2.3. Integrating Digital Transformation, Adaptive Learning, and Sustainability Education

Higher education’s pedagogy, curriculum, and assessment landscape are all changing as a result of digital change. This shift brings digital ecosystems into sustainability education, enabling more customized, immersive, and interactive learning opportunities. Advanced digital tools, including data-driven analytics, AI-assisted platforms, adaptive learning systems, VR-based simulations, and collaborative online environments, offer new pedagogical opportunities for students to engage with sustainability issues in dynamic, context-rich ways, according to recent studies [24,25]. In line with important sustainability education paradigms that prioritize authenticity, real-world relevance, and complexity-informed learning, these technologies support scenario-based learning, immersive simulations, and multidisciplinary cooperation.
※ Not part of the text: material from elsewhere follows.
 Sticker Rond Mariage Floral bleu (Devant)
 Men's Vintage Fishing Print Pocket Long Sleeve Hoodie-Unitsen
The use of cutting-edge digital assessment techniques is a key element of digital transformation in sustainability education. Systems thinking, ethical reasoning, problem-solving, and collaborative decision-making are examples of sustainability competencies that may now be directly incorporated into digital learning assignments thanks to emerging assessment tools. Teachers can monitor students’ engagement patterns, progress in sustainability competences, and depth of conceptual understanding over time using learning analytics technologies, which provide comprehensive insights into students’ developmental paths [26]. This facilitates the early identification of students who may need more help or varied scaffolding, enabling more informed teaching decisions.
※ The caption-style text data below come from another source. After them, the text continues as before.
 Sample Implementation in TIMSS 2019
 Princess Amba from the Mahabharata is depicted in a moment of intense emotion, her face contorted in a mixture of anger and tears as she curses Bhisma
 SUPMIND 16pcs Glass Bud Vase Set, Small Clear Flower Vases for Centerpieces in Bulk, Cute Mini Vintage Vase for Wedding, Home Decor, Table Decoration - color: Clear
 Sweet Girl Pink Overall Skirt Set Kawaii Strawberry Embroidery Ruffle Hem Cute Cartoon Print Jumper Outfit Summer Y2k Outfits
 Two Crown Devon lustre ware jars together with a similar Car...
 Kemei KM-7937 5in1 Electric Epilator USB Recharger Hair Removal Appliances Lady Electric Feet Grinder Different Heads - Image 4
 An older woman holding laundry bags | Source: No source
These possibilities are further expanded by adaptive learning systems, which ensure that students follow individualized paths as they navigate content with a sustainability focus. To reduce obstacles associated with digital preparedness, prior knowledge, or cognitive load, these systems can modify instructional materials, scaffold learning tasks, and provide tailored feedback based on learner data [27]. To improve accessibility, fairness, and learner agency in sustainability-focused courses that regularly address intricate, multidisciplinary topics, adaptive learning can be critical.
A highly effective model for sustainability education is provided by combining performance-based assessment (PBA) and adaptive learning. By focusing on knowledge gaps, providing individualized practice opportunities, and ensuring that all learners achieve a baseline of conceptual preparation before performing realistic assessments, adaptive learning platforms can help students become ready for challenging, real-world performance tasks. PBAs, on the other hand, offer students rich, practical settings in which they can practice sustainability competencies. Research indicates that learner engagement, motivation, and the depth of learning all increase significantly when adaptive scaffolding precedes performance challenges [28,29]. This is particularly relevant in teacher education programs, as students are required to connect professional practice, reflective assignments, inclusive pedagogical techniques, and theoretical notions of sustainability.
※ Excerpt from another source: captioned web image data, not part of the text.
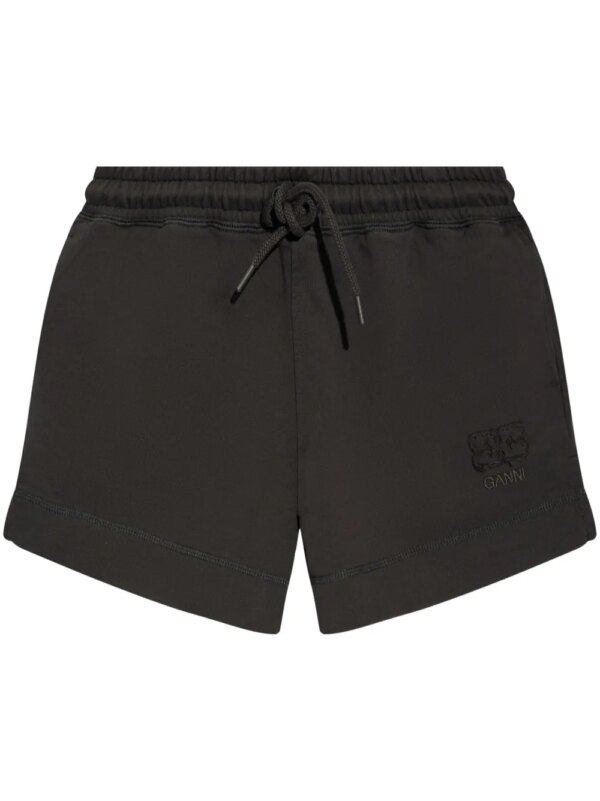 GANNI short de sport en coton biologique à logo brodé - Noir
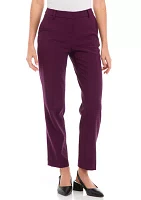 Women's Fly Front Slash Pocket Straight Ankle Pants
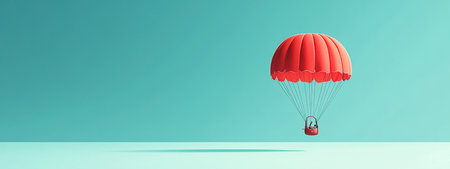 Bright Red Parachute Descends Against a Clear Blue Sky in an Outdoor Setting During Daylightの素材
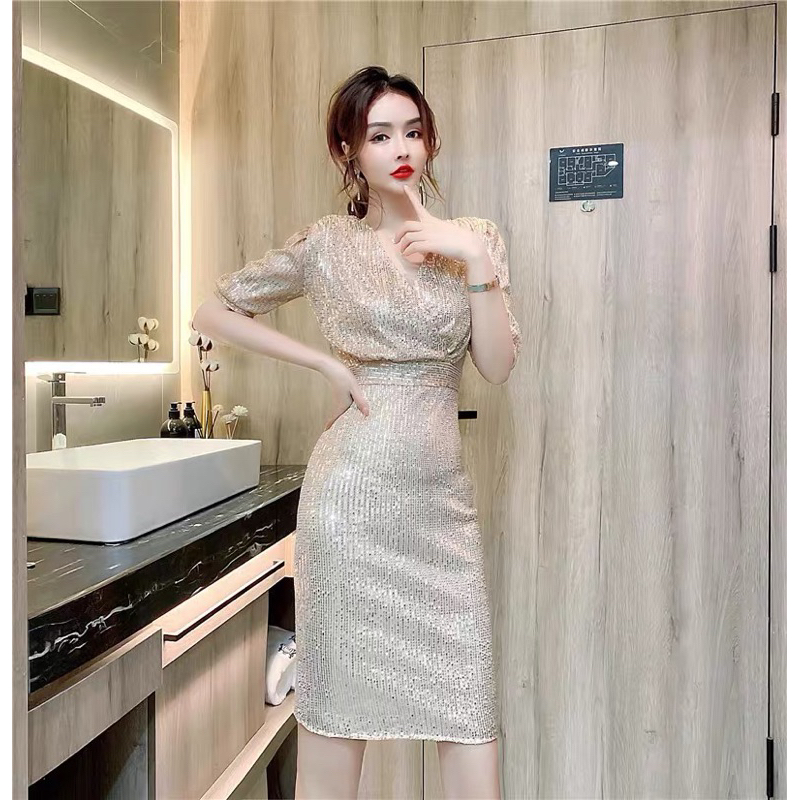 ❤️現貨在台，玫瑰金M(S- L) 高質感 高端 輕奢 亮片 連衣裙 氣質 女神 收腰 顯瘦 禮服 洋裝-細節圖3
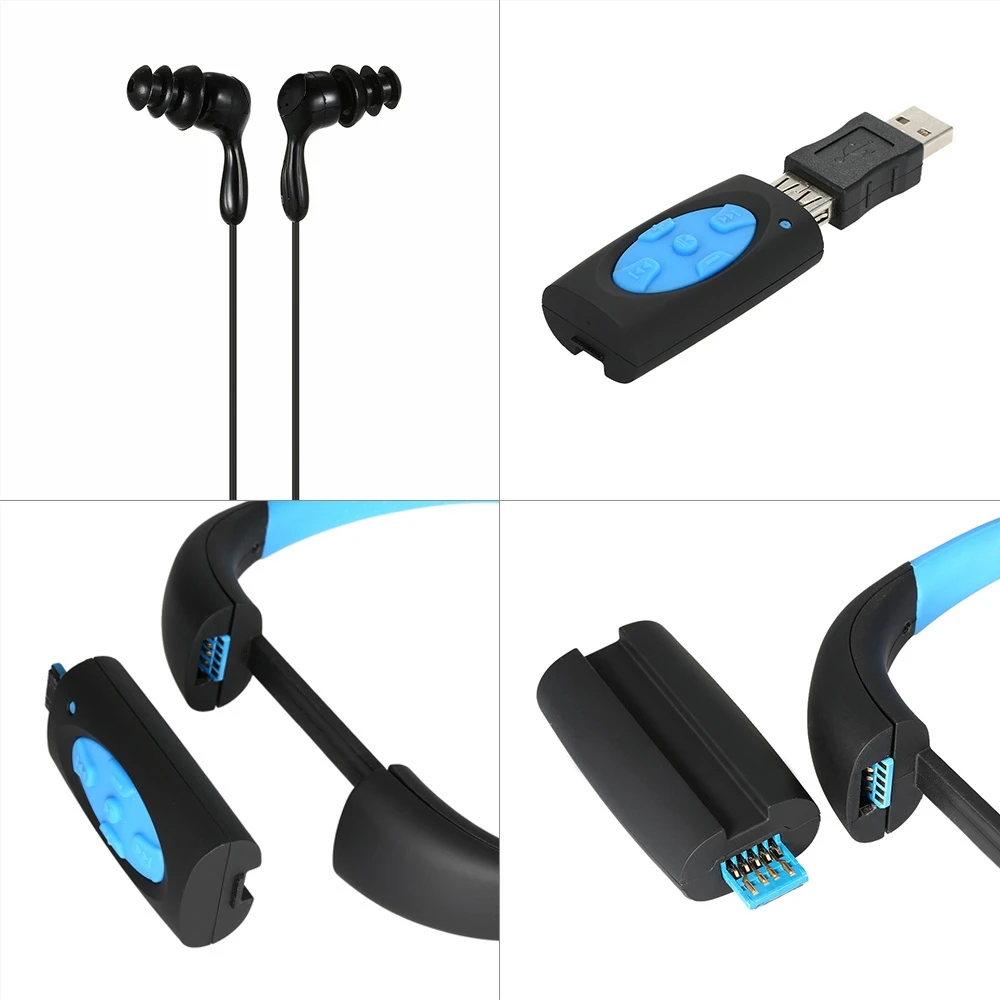 Aingslim IPX8 Водонепроницаемый MP3 плеер плавание 8 ГБ подводный спорт гарнитура с FM для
Despite these encouraging developments, there remains a significant lack of empirical research that deliberately integrates PBA, adaptive learning, and digital transformation into sustainability education. Instead of treating these elements as linked educational practices, existing work often treats them separately. In digitally altered learning environments, scholars emphasize the need for integrated research frameworks that address digital equality, inclusivity, culturally responsive pedagogy, and the development of strong sustainability competencies [30]. This disparity underscores the importance of research like this, which examines the complementary impacts of PBA and adaptive learning on postgraduate students’ development of sustainability competencies, particularly in inclusive education and English language instruction.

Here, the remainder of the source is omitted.